40-latek zrobił zakupy w jednym ze sklepów w Zabrzu (woj. śląskie). Jak informuje policja, z marketu chciał wyjść z zabawkowym dronem, za który zapłacił tyle, ile kosztowała miska. - Przekleił naklejkę z ceną z tańszego produktu na droższy - przekazują funkcjonariusze. Mężczyzna odpowie za oszustwo. Grozi mu do ośmiu lat więzienia.
W czwartek (8 grudnia) policjanci zostali wezwani do jednego z marketów w Zabrzu. - Z informacji wynikało, że ochroniarze ujęli tam mężczyznę, który przykleił naklejkę z ceną z tańszego produktu na droższy. Wcześniej zauważyli, że klient podejrzanie się zachowywał - relacjonuje mł. asp. Sebastian Bijok z policji w Zabrzu. I dodaje: - 40-latek zerwał z taniej miski metkę z ceną i nakleił ją na zabawkowego drona.

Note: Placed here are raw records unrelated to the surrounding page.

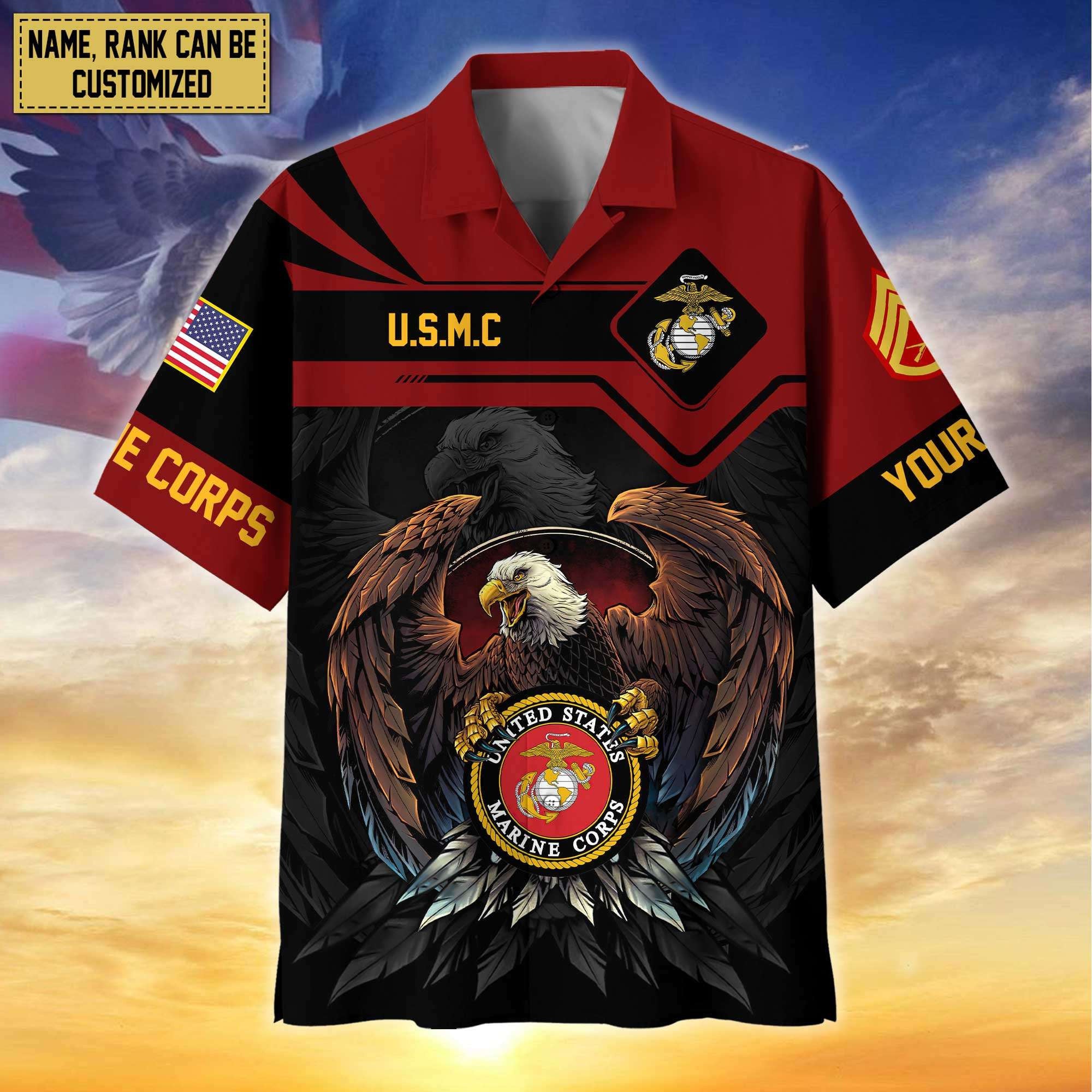 Premium Personalized Proudly Served US Veterans Hawaiian Shirt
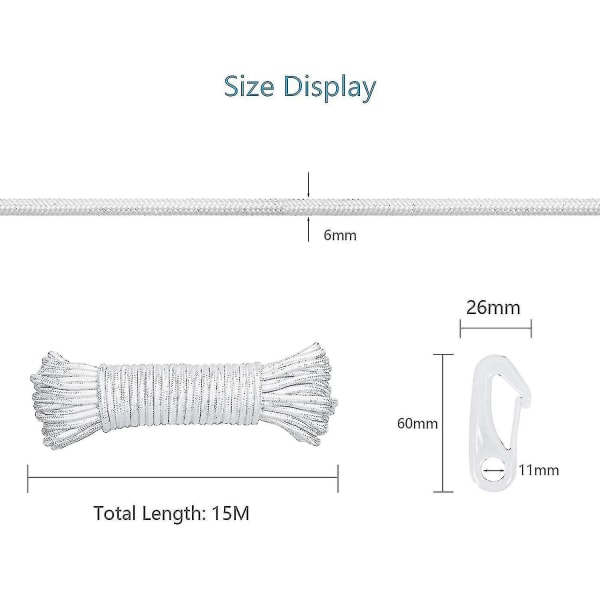 15m 6mm Nylon Flag Reb Flagstang Reb Stænge Flag Fald Line Hvid Flagline Fall Dobbelt flettet med 4 kroge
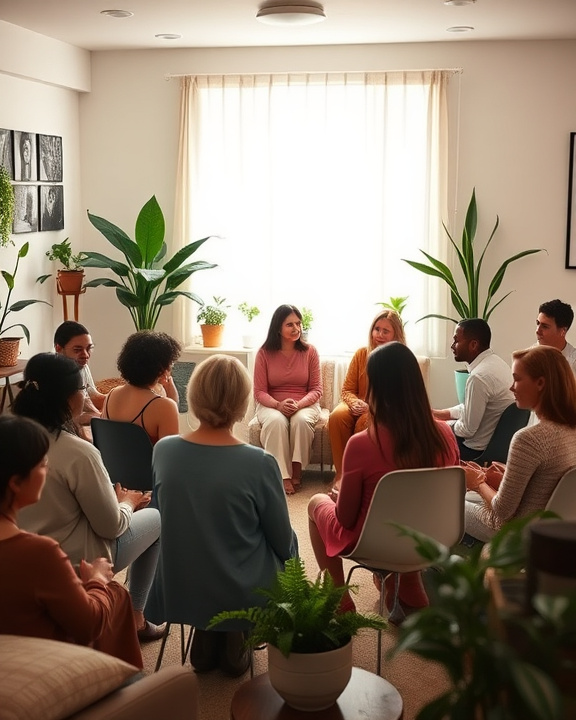 A group of people sitting in a circle in what appears to be a therapy session.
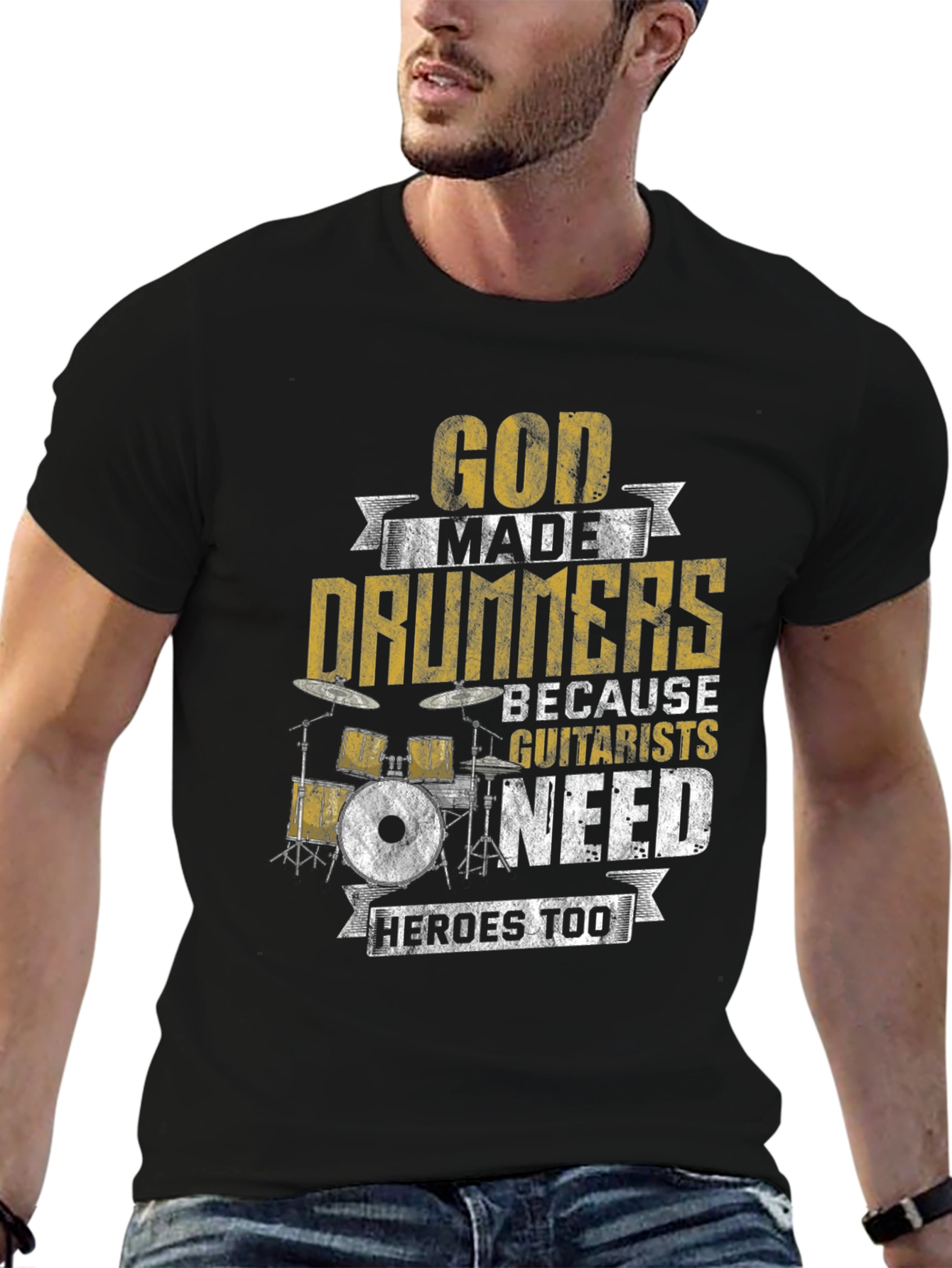 God Made Drummers T-Shirt - Musician Humor Tee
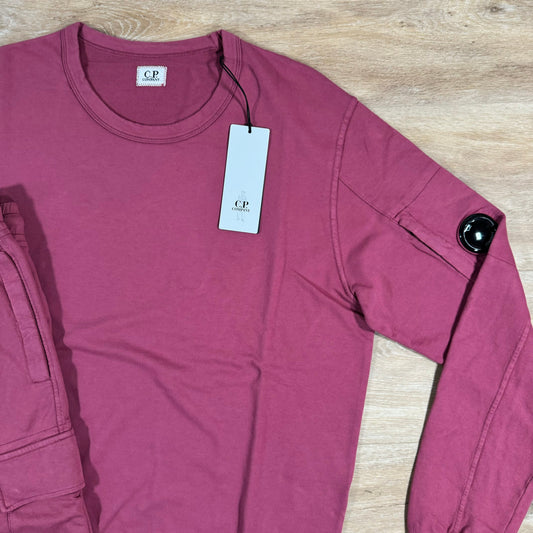 CP Company Light Fleece Lens Tracksuit in Red Bud Castmark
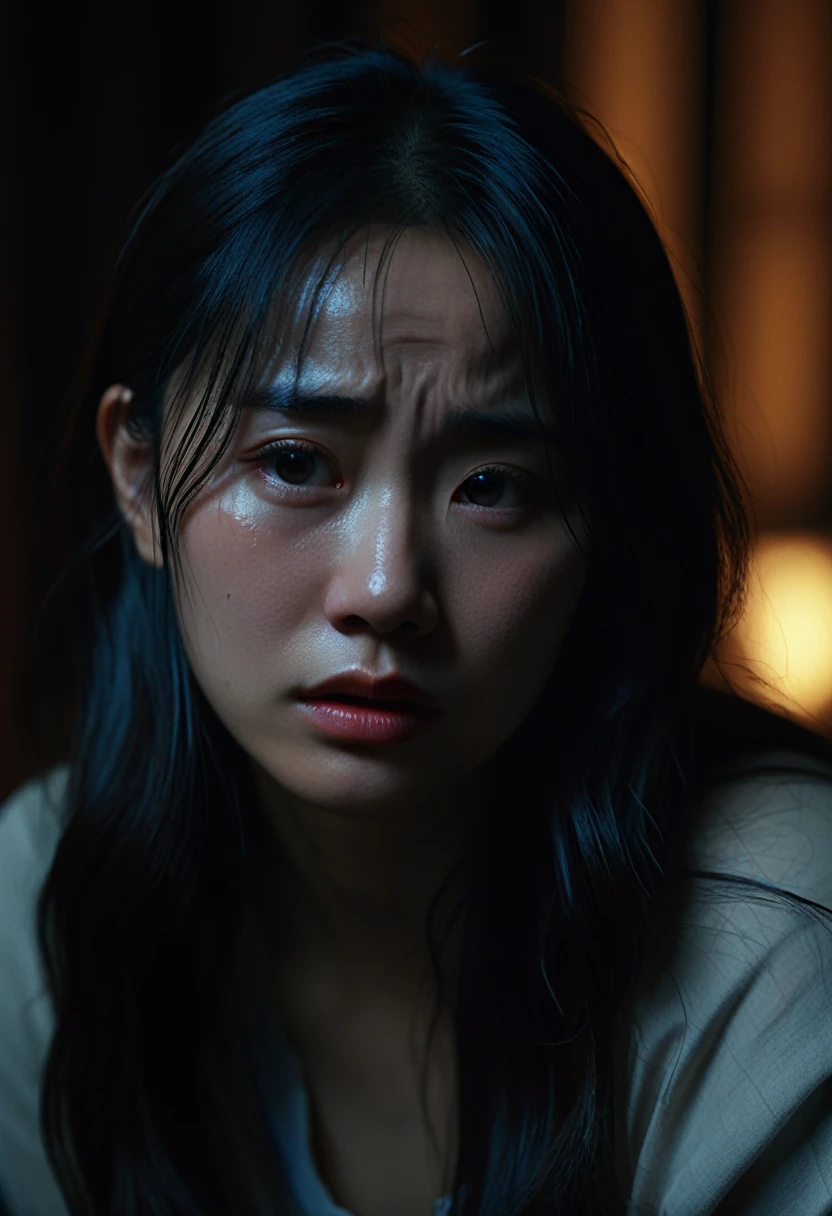 Close-up of a tearful young Asian woman in a dimly lit room, sad face, nostalgic mood. Dramatic chiaroscuro lighting. Emotional and raw. Ultra-detailed 8k resolution.
Cinematic lighting, high detail, 8K, artstation, conceptual art, dark fantasy. Photo taken with Canon EOS R5 85mm f/11 camera, sharp mode. 8K picture quality, realistic, masterpiece, sharpest and highest contrast, excellent depth of field, stereoscopic light.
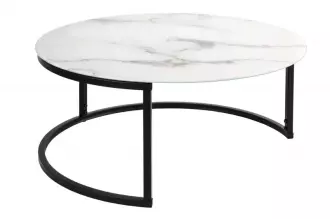 Konferenční stolek ELEGANCE BLACK 80 CM bílý mramorový vzhled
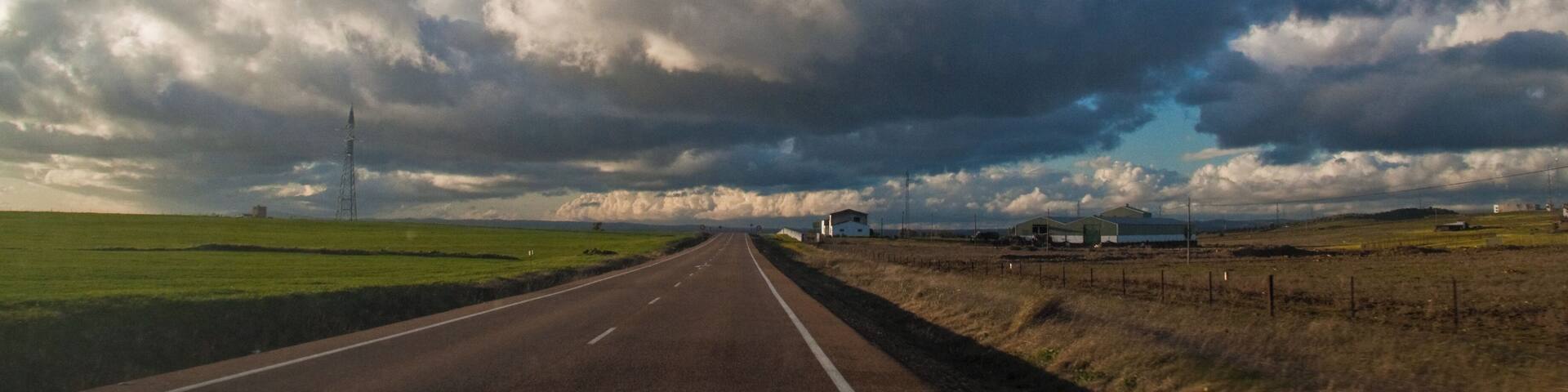 En la carretera Valverde de Leganés a Olivenza (Badajoz).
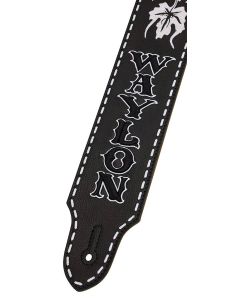 Fender Waylon Jennings premium grain leather guitar strap, embroidered "Waylon" lettering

Czytaj też: Policjant miał podmienić opakowanie, by "oszczędzić" 5 złotych. Zarzuty i zwolnienie ze służby
Odpowie za oszustwo, grozi mu do ośmiu lat więzienia
Różnica w cenie produktów - jak podaje policja - wynosiła 165 złotych. 40-latek został powstrzymany przez ochroniarzy - przed wyjściem ze sklepu - już za linią kas. Okazało się, że był pijany. Miał ponad dwa promile alkoholu w organizmie.
Po wytrzeźwieniu usłyszał zarzuty dotyczące oszustwa. - Zachowanie polegające na zmianie metki na produkcie w celu zakupienia go po cenie tańszej niż rzeczywiście kosztuje, traktowane jest przez polskie prawo jako oszustwo - przypomina Bijok. A za to grozi do ośmiu lat więzienia. - Co ważne, jest to przestępstwo w każdym przypadku, niezależnie od wartości wyłudzonego towaru - podkreśla policjant.